● Your goal
The line containing "Grad Umag uputio" and every line after it to the end of the records: set those down exactly, without any pictures.

● Source records

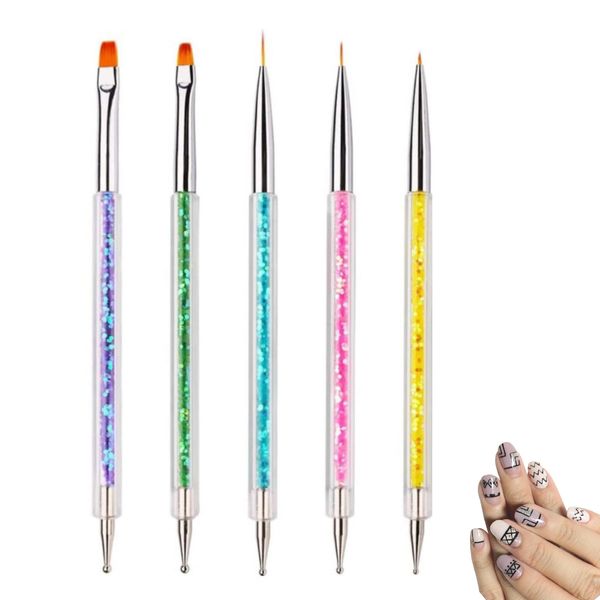 5 Piece Nail Art Brushes Set with 5 Dotting Tools,Professional and DIY Nail Art Painting Kit for Women,Acrylic Nail Brush and Dotting Tool Set,Essential Nail Art Tools for Creative Designs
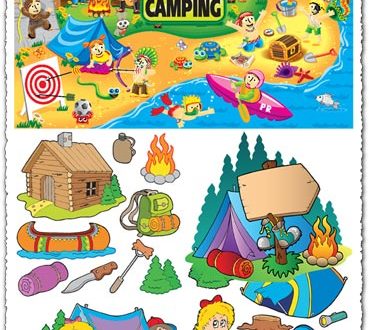 Summer camping vector illustrations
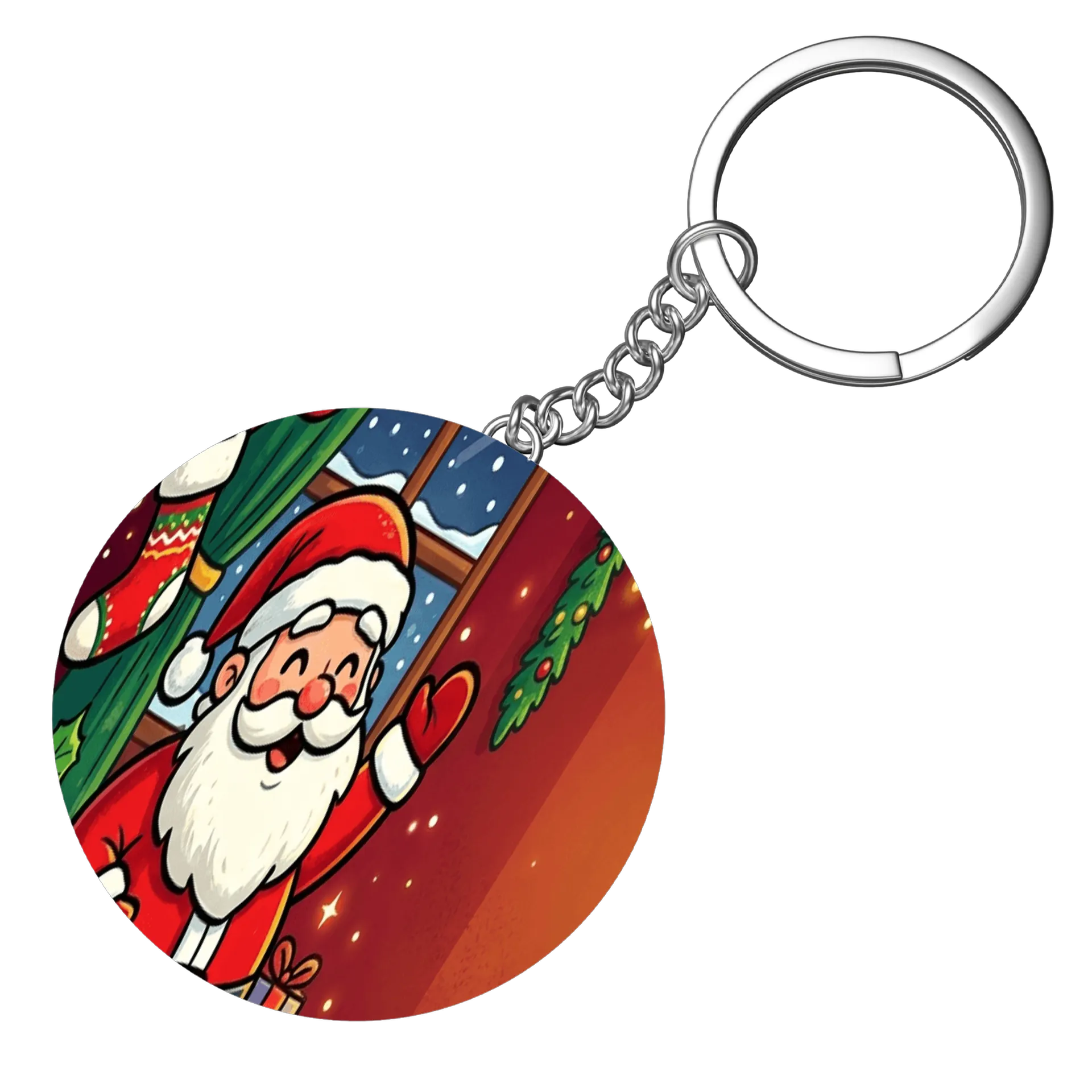 Chaveiro Papai Noel Cartoon Natal MDF - Imagem 3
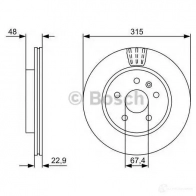 Тормозной диск BOSCH EO2PU8 0986479514 BD1 368 339743 - Изображение 5
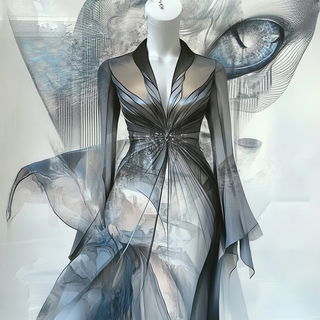 Virelectrics style, Midjourney V6.1: haute-couture fashion outfit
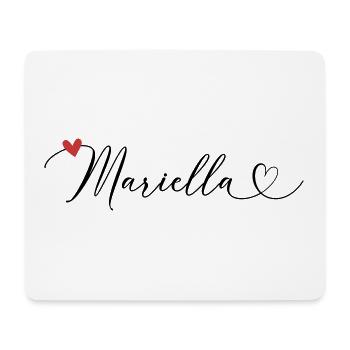 Mariella Name Vorname Kalligrafieherz - Mousepad (Querformat) - Weiß - Vorne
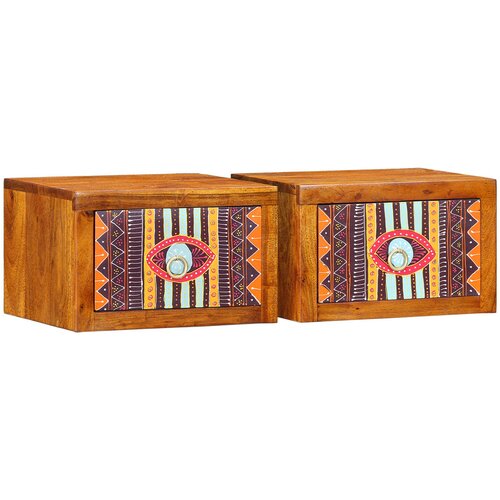 VidaXL Nočne omarice 2 kosa 35x30x22 cm Trden akacijev les, (22008112) Slike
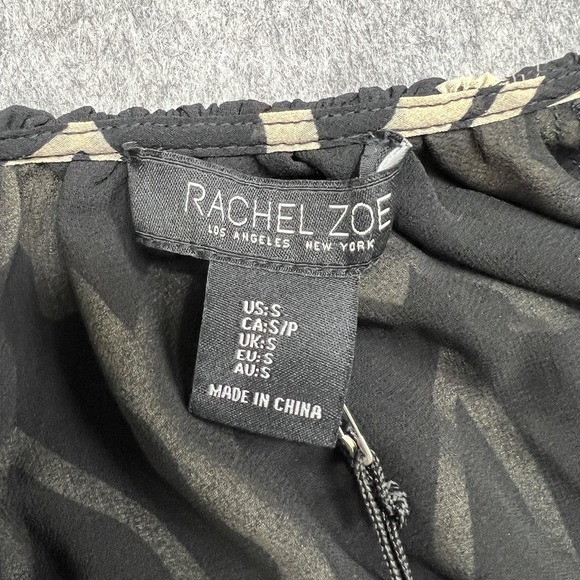 Rachel Zoe Shirt Womens S Beige Floral Balloon Sleeve Chiffon Blouse Top Preppy - Picture 3 of 16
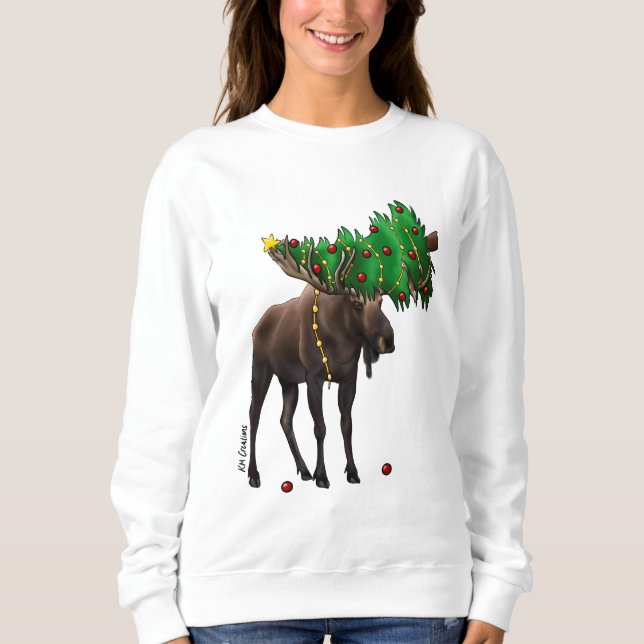 Moose helgdag sweatshirt t shirt (Framsida)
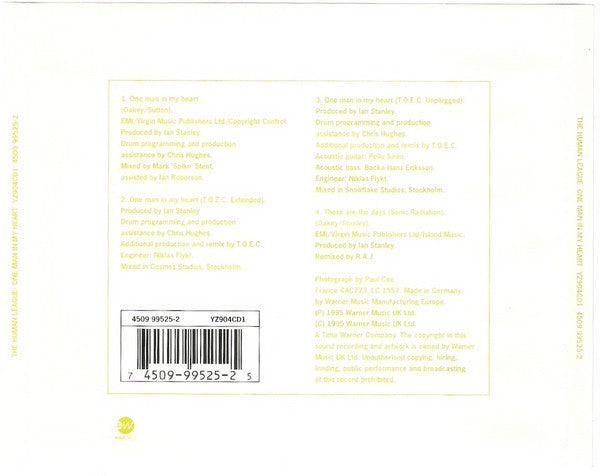 The Human League : One Man In My Heart (CD, Single, CD1)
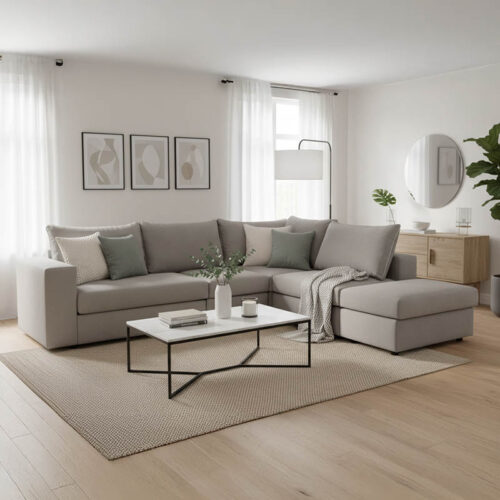 Πολυμορφικός-αναστρέψιμος καναπές London pakoworld γκρι ύφασμα με μαξιλάρια σε απόχρωση ανοιχτό γκρι 296x246x95εκ 168-000062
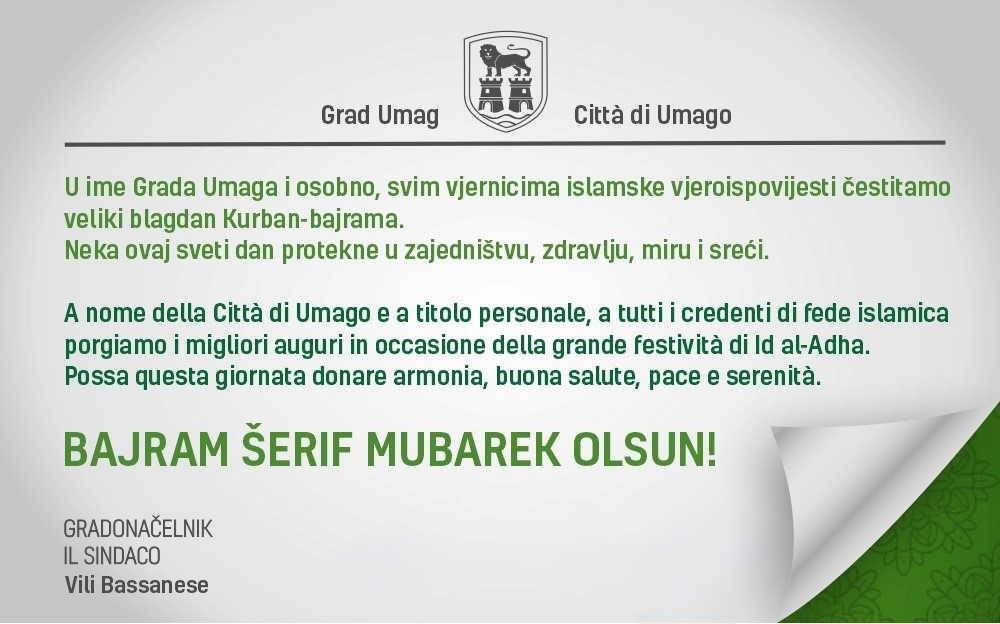 Grad Umag uputio čestitku povodom Kurban-bajrama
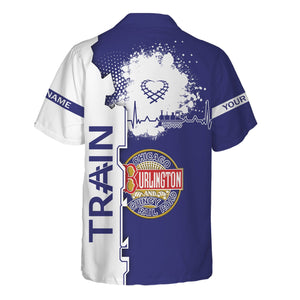 Railspirit Personalized Chicago, Burlington and Quincy Railroad Hawaiian Shirt Engine Heartbeat and Track Love Style Shirt Gift Idea For Train Lovers
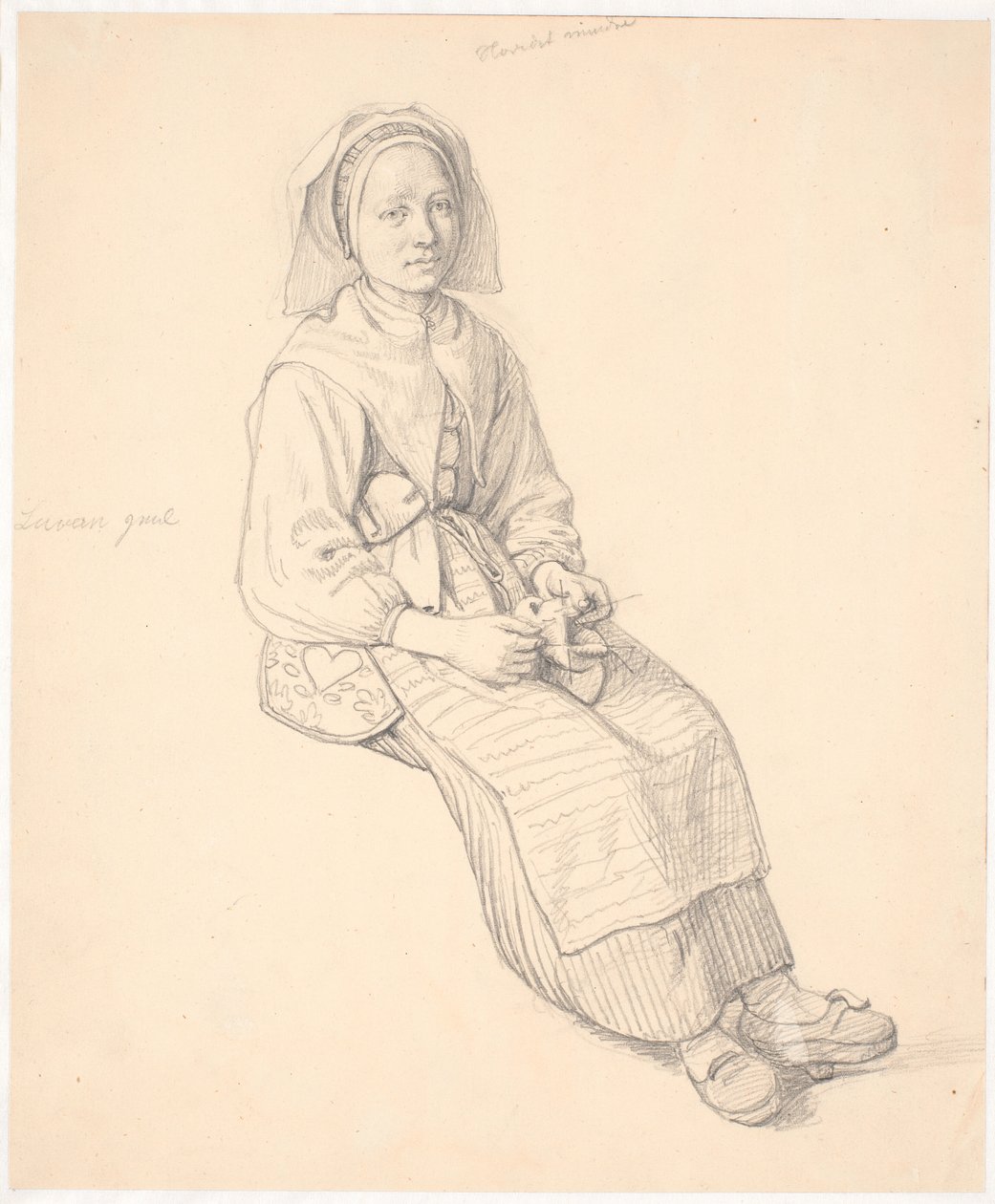 Mulher sueca sentada com malhas de Wilhelm Marstrand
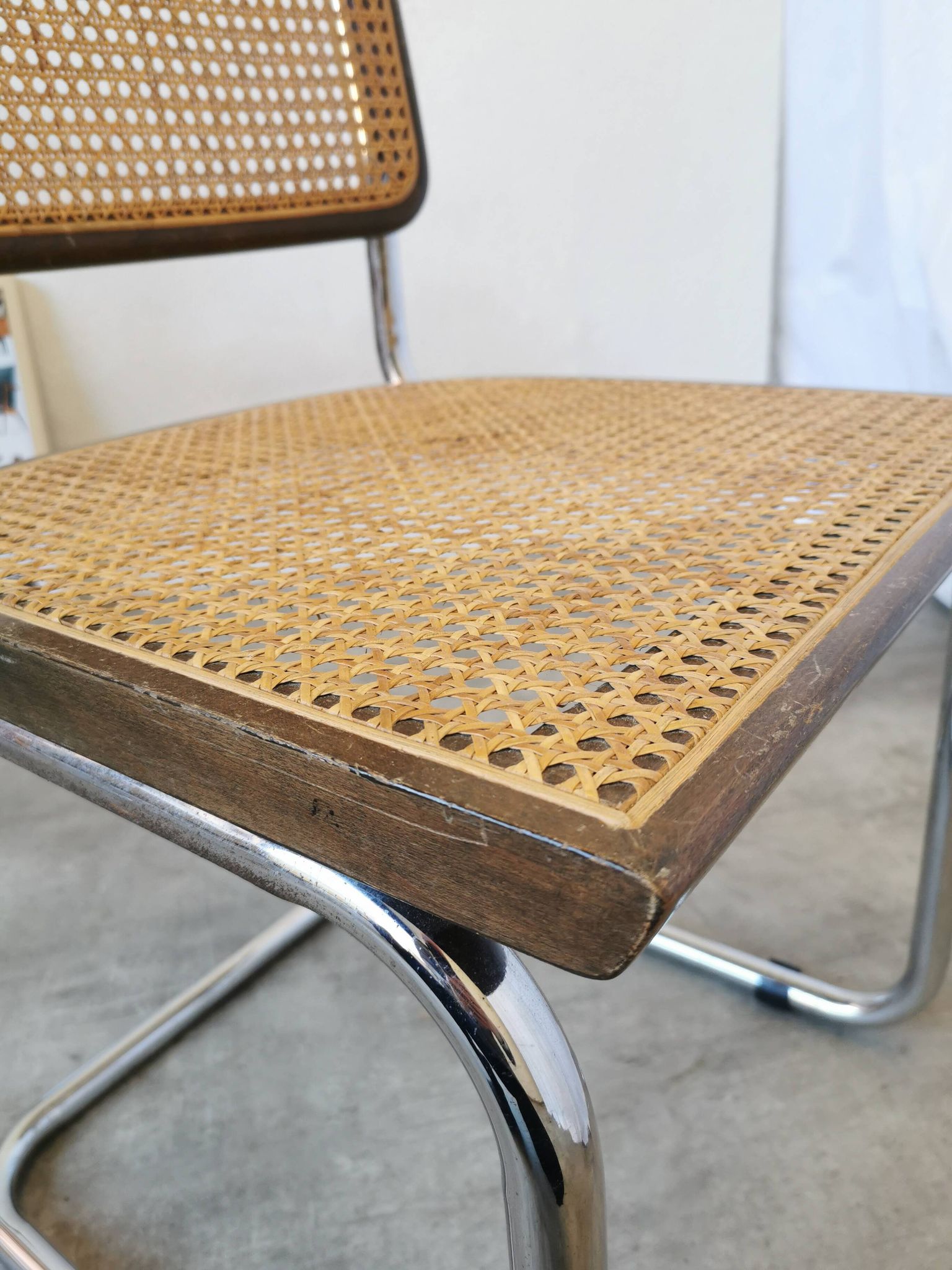 Vintage Cesca Cane Chair: 1970s Italian Mid-Century Modern Dining Office Ch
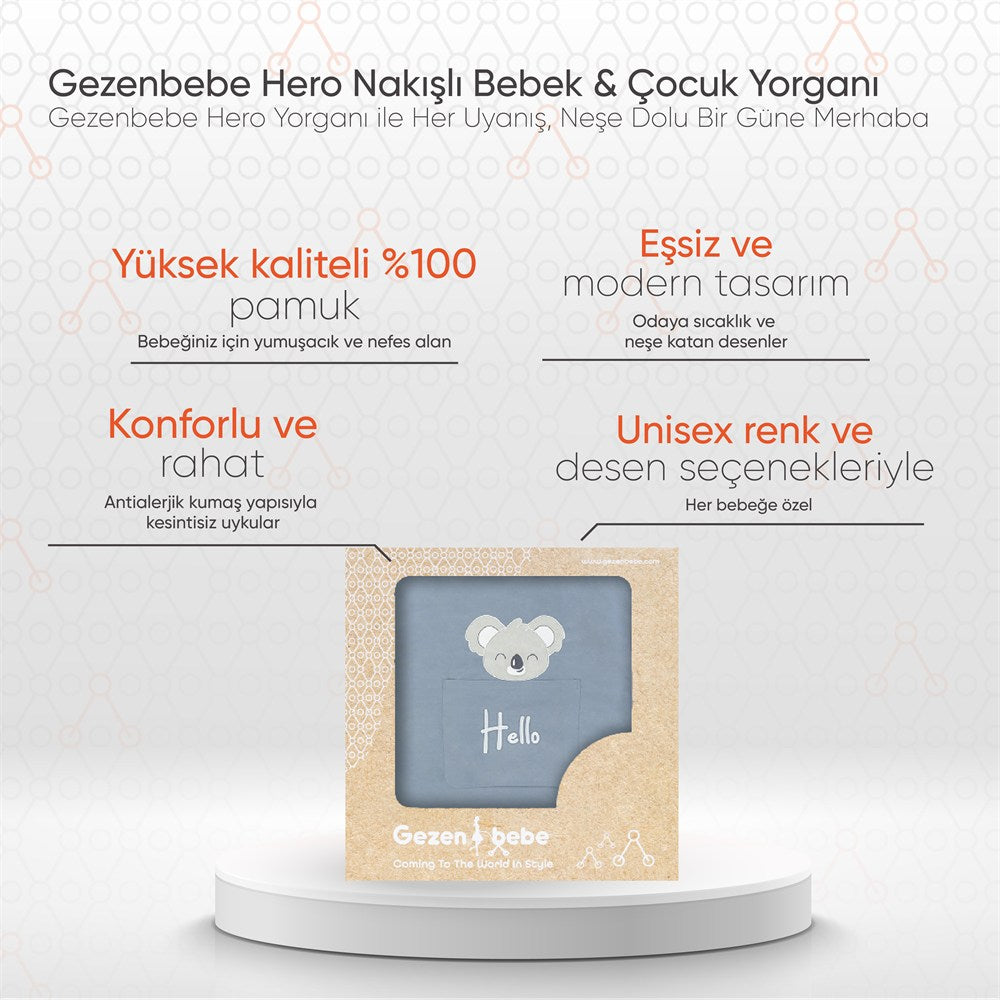 Gezenbebe Hero Nakışlı Bebek & Çocuk Yorganı (100x135) Koala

● The answer
 Grad Umag uputio čestitku povodom Kurban-bajrama
 Railspirit Personalized Chicago, Burlington and Quincy Railroad Hawaiian Shirt Engine Heartbeat and Track Love Style Shirt Gift Idea For Train Lovers
 Mulher sueca sentada com malhas de Wilhelm Marstrand
 Vintage Cesca Cane Chair: 1970s Italian Mid-Century Modern Dining Office Ch
 Gezenbebe Hero Nakışlı Bebek & Çocuk Yorganı (100x135) Koala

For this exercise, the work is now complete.